Anyway, his treat for the Doctor is to reveal to her where she comes from. She is, by his telling, the original “Timeless Child”. She was discovered by a Gallifreyan astronaut many lifetimes previously. The deep space explorer was surprised when her young ward – yes, the Doctor – regenerated after a seemingly fatal slip. The kid goes on to assume form after form, in the process helping Gallifrey unlock the secret to regeneration.

This is all explained by the Master as if it were a jaw-dropper for the ages. The real bombshell here, though, is that the Father Ted-adjacent storyline from the previous episode, in which a young Irish policeman falls to his death only to survive, was a scrambled version of the Doctor’s life story. This was then implanted in the Doctor’s mind, which is why she glitches back to memories of herself as a Time Lord in Templemore. Wait, what? Could someone please explain again? Only really, really slowly.

Actually no, we’re out of time. The Cyberman star destroyer has landed and the Master has become one with the Cyberium. That crashing sound is the Cyberman ship bashing into the great Citadel of Gallifrey. Or maybe it’s Chibnall ripping out the kitchen sink and chucking it into the script.

Either way, there’s so much going on it is easy to be overwhelmed. “The Timeless Children” is therefore perhaps best enjoyed simply as a spectacle. The Cyberman troop carrier is a wonderful gothic creation, half Star Wars, half Warhammer 40K Space Hulk. And it’s good to see Jo Martin’s alternate timeline Doctor briefly return to give a pep talk, though I have no idea how she got there.

Chibnall pulls off a zippy resolution, too. To foil the Master, the Doctor resolves to destroy all organic matter on Gallifrey using a devastating explosive concealed within the miniaturised Lone Cyberman.

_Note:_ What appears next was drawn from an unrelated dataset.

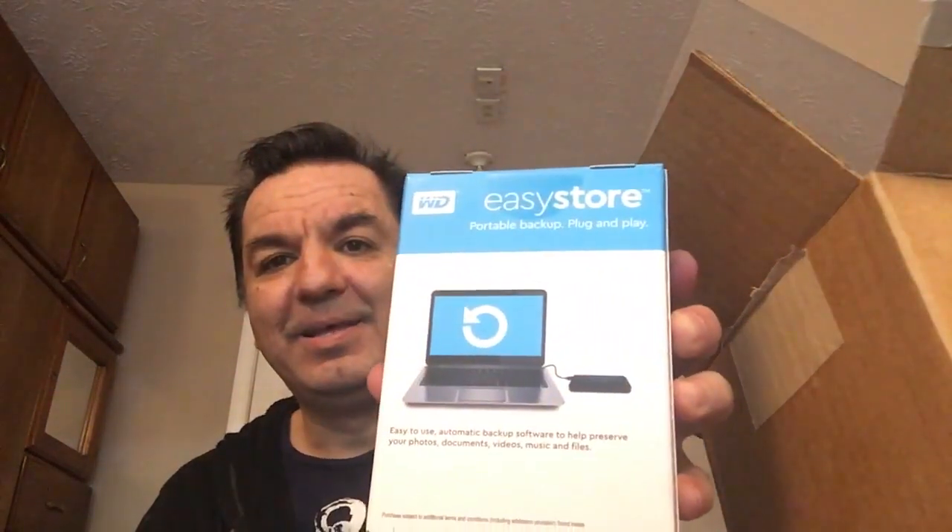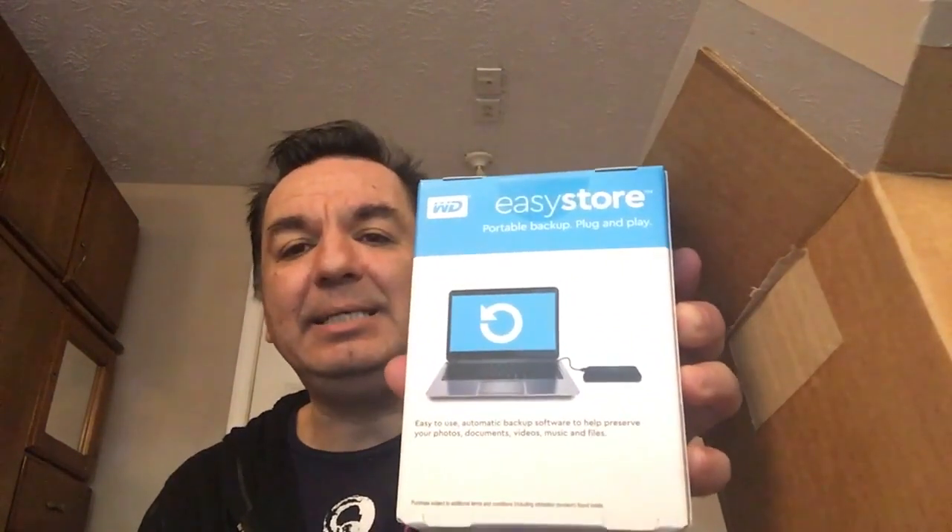This is one of the items. This is called an Easy Store. Let me explain to you what this Easy Store does. When you want to save files such as pictures, videos, and any file, this item is real fast. The amount of space that this item has is a lot — it has five trillion bytes, or 5 TB.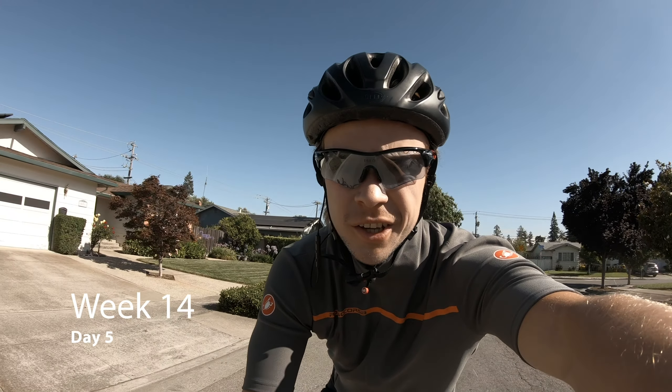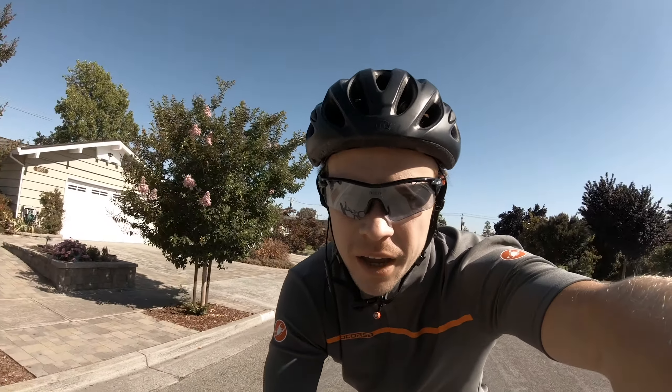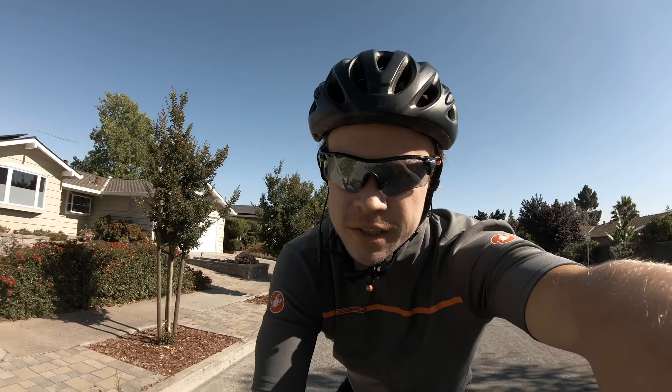Just thought of something fun — for training it might be good to double the race distance so I feel super confident doing half of it on race day. Sometime next week I'm going to aim for around a 4500-yard swim just to see how it goes. Sounds like a fantastic idea and I'm excited to see how I feel. That's day four complete.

But then charges Ian McElhinney’s Ko Shamus – surely an anagram – to do the blowing up instead.

So the Doctor flees. The rest of the “fam” have already beamed down to Earth, so they’re fine too. On the other hand, it may be some time before they are reunited with their mentor. No sooner has she escaped in a Tardis disguised as a tree (this is a sentence I have been paid to write), she is arrested by the Judoon military police and it’s off to space jail. And then credits roll (fans will be intrigued to discover that the Doctor returns at Christmas to battle the Daleks). It’s a rollercoaster ending, no question. What a shame the build-up is such a muddle.